From 1f9d7ee0c80b4f94946ee5650cb242aa01dd6278 Mon Sep 17 00:00:00 2001
From: Wenbing Li <10278425+wenbingl@users.noreply.github.com>
Date: Fri, 7 Mar 2025 16:20:55 -0800
Subject: [PATCH] Fix the added token decoding issue on spm based tokenizer
 (#908)

* fix the added token decoding issue on spm based tokenizer

* skip special
---
 operators/tokenizer/bpe_streaming.hpp | 24 +++++++++++++-----------
 1 file changed, 13 insertions(+), 11 deletions(-)

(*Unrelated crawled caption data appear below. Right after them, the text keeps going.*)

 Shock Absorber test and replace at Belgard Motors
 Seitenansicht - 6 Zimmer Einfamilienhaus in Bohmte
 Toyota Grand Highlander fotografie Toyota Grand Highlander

diff --git a/operators/tokenizer/bpe_streaming.hpp b/operators/tokenizer/bpe_streaming.hpp
index 33b1cdee..dab2268e 100644
--- a/operators/tokenizer/bpe_streaming.hpp
+++ b/operators/tokenizer/bpe_streaming.hpp
@@ -47,8 +47,6 @@ class BpeStreamingDecoder : public KernelBpeDecoder {
     return {};
   }
 
-
-
   OrtxStatus Id2Token(extTokenId_t id,
                       std::string& token,
                       bool skip_special_tokens,
@@ -95,17 +93,21 @@ class BpeStreamingDecoder : public KernelBpeDecoder {
   }
 
   OrtxStatus SpmId2Token(extTokenId_t id, std::string& token, bool& f_special_last) const {
-
-    std::string piece = id < arr_vocab_.size() ? arr_vocab_[id] : "";
     bool f_special = false;
-    if (piece.empty() || all_special_ids_.count(id)) {
-      token = "";
-      f_special = true;
-    } else if (IsSpmByteWord(piece)) {
-      char buf[3] = {piece[3], piece[4], 0};  // something like <0x20>
-      token = {static_cast<char>(strtol(buf, NULL, 16))};
+    if (added_tokens_.count(id)) {
+      f_special = all_special_ids_.count(id) ? true : false;
+      // special token was skipped
+      token = f_special ? "" : added_tokens_.at(id);
     } else {
-      token = ReplaceAll(piece, std::string(ort_extensions::spm_escaped_space), " ");
+      std::string piece = id < arr_vocab_.size() ? arr_vocab_[id] : "";
+      if (piece.empty()) {
+        token = unk_token_;
+      } else if (IsSpmByteWord(piece)) {
+        char buf[3] = {piece[3], piece[4], 0};  // something like <0x20>
+        token = {static_cast<char>(strtol(buf, NULL, 16))};
+      } else {
+        token = ReplaceAll(piece, std::string(ort_extensions::spm_escaped_space), " ");
+      }
     }
 
     if (!token.empty() && token[0] == ' ' && f_special_last && add_dummy_prefix_) {